A group of female senators is planning to introduce a proposal Thursday that would ensure that more women would be admitted to the United States under a comprehensive immigration bill, representing an early attempt at leverage by the Senate’s emerging bloc of women.

The lawmakers say pending immigration legislation is unfairly weighted toward male workers because it rewards applicants who are better educated and have more technical skills.

Under their amendment, the female senators propose reserving 30,000 residency cards each year for fields in which women hold most of the jobs, such as nannies, home health-care workers and early childhood educators.

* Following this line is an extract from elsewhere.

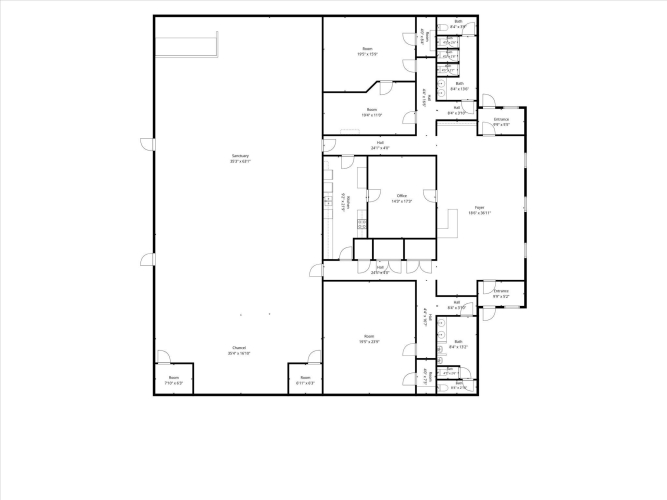 Listing Image 8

At least 12 women have signed on to co-sponsor the amendment, including Sen. Lisa Murkowski (R-Alaska), whom Democrats hope will play a key role in winning more GOP support, aides said. The Senate has a record contingent of 20 women this session, 16 of whom are Democrats.

“For this immigration bill to institutionalize and set in concrete the unequal opportunities women have in other countries is not the way to go,” Sen. Mazie Hirono (D-Hawaii), who developed the amendment with Sen. Patty Murray (D-Wash.), said in an interview.

The amendment is one of dozens the Senate will consider as the immigration bill progresses through a second week of debate on the chamber floor. Proponents are trying to keep intact a bipartisan coalition championing the most far-reaching overhaul of immigration law in nearly three decades.

On Wednesday, the Senate voted on 10 amendments, defeating a border security measure sponsored by Sen. Rand Paul (R-Ky.) that would have required Congress to assess progress on border security operations annually before a new group of illegal immigrants could earn work visas.

Chamber leaders also delayed a key vote on a strict border security proposal from Sen. John Cornyn (R-Tex.) that Democrats oppose. Other Republicans are working on several border control amendments that are expected to be controversial but could help win GOP support for the bill.

Comprising 20 percent of the chamber, female senators have made inroads into leadership ranks by chairing nine committees, including Sen. Barbara Mikulski (D-Md.) on the Appropriations Committee and Murray on the Budget Committee.

Murray said female senators have influenced other high-profile policy debates, including the Violence Against Women Act, in which the four female Republicans joined Democrats in voting to reauthorize the law.

“We’re finding that as more women come here and move into positions of leadership, we may see a problem that all-male panels don’t and we bring it to the forefront,” Murray said.

On immigration, Hirono and Murray said they are intent on fixing a problem that is being created by the shift, under the Senate legislation, away from extended family members of U.S. citizens in favor of immigrants with higher levels of education and more technical skills.